Sunday, September 21, 2014

What we have here is a failure to communicate

Sometimes the gap between where I live and where I work can be disorienting. Case in point: while my students are studying mathematical equations so they can get good grades on their petroleum engineering exams, I'm being run off the road by a brine truck serving a hydraulic fracturing well.

I survived that encounter, but my neighbors' frequent small misunderstandings about where I work and what I do act as a constant irritant. Since the college's budget problems have been in the news, I get questions everywhere I go--at the grocery store, at the gas station, even at church. Most of these questions can't be answered effectively in the time I spend pumping gas or standing in the check-out line, such as "Why doesn't the college just dig into that huge endowment fund?" First, I would have to explain why "huge" is not the appropriate term to describe our endowment, and then I would have to explain the difference between restricted and unrestricted funds, and by then my interlocutor would be asleep.

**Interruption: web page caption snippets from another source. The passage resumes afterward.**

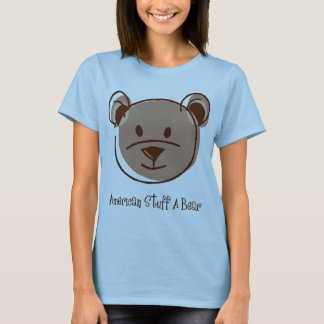 T-shirt logo_bottom principal d'ours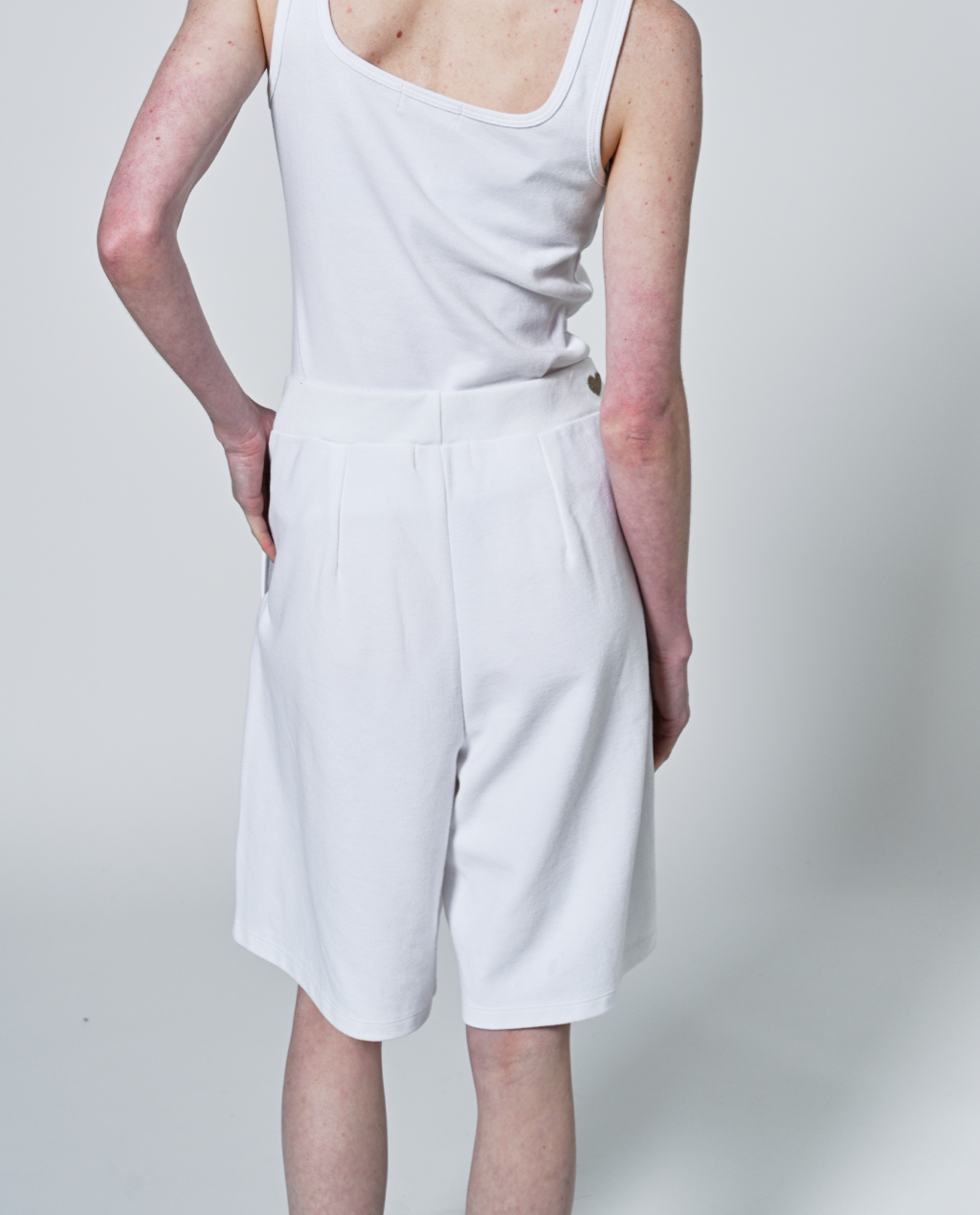 Eleanor Pleated shorts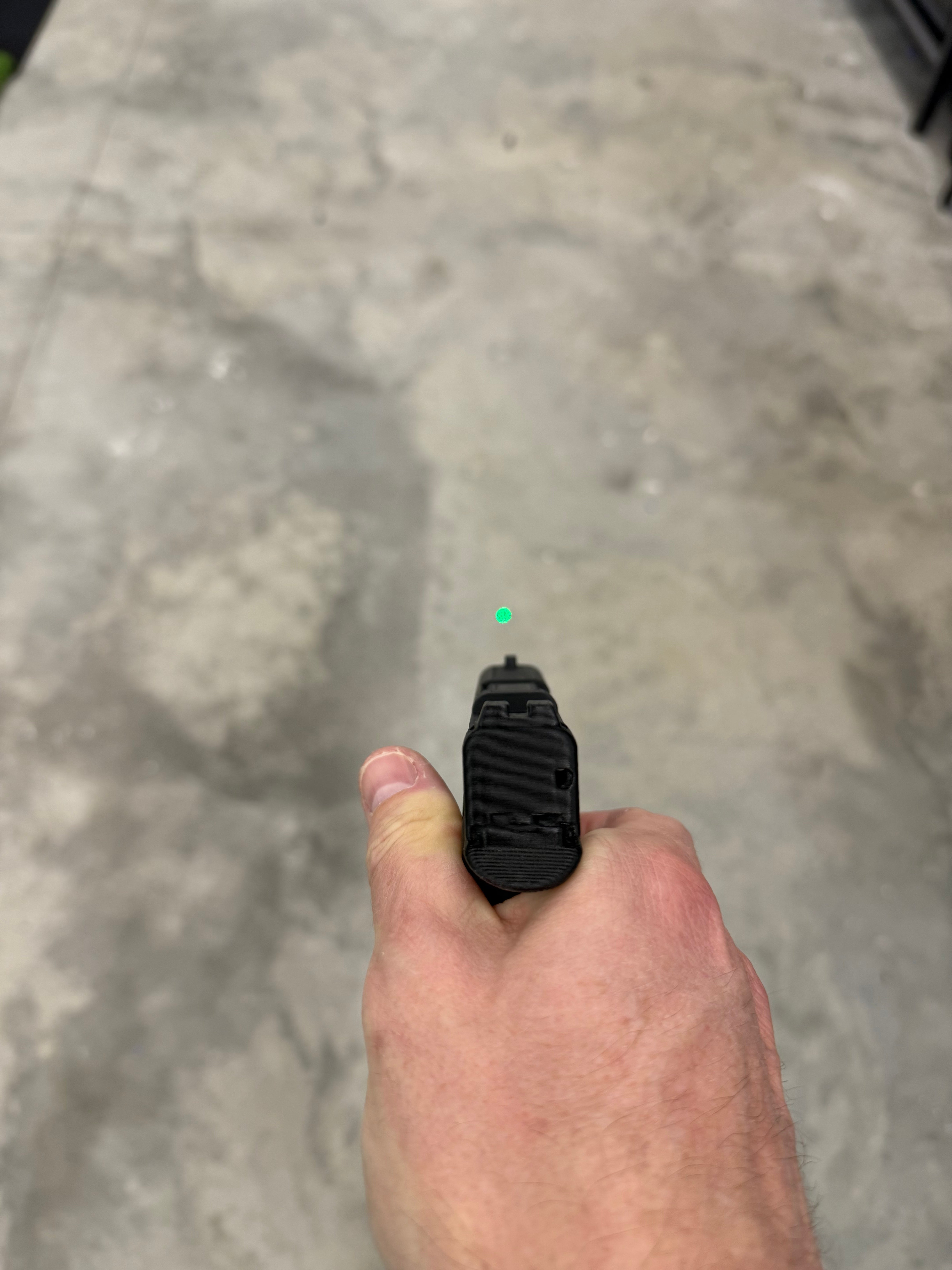 Grip Keeper Laser Trainer – Trigger-Activated Laser Training Pistol ...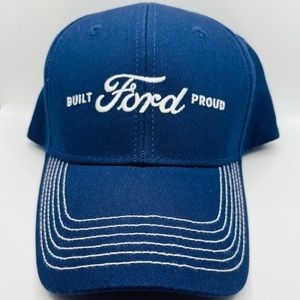 Built Ford Proud Snapback Ball Cap Hat. Excellent Condition!!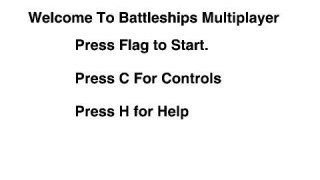 Battleships Multiplayer Alpha 1 (itch)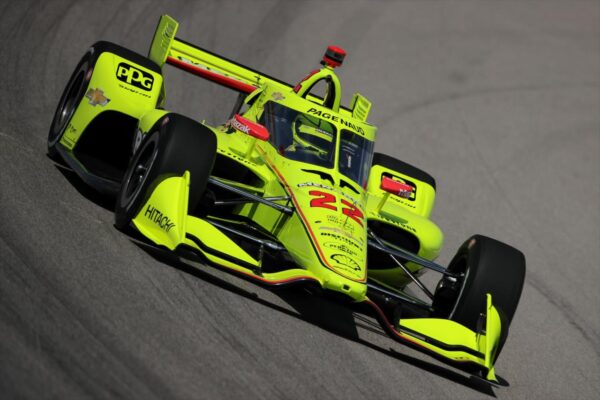 Simon Pagenaud termine dans le Top 10 à Gateway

This morning, though, I got a question that really threw me for a loop: "Don't they teach anything besides petroleum engineering down there at that college?" 

That's right: an apparently intelligent and alert person who has lived in this area for more than 50 years is somehow not aware that we teach anything other than Petro.

Which makes me realize that those of us who teach English majors or history majors or journalism or education or biology majors are simply not doing a very good job telling our story.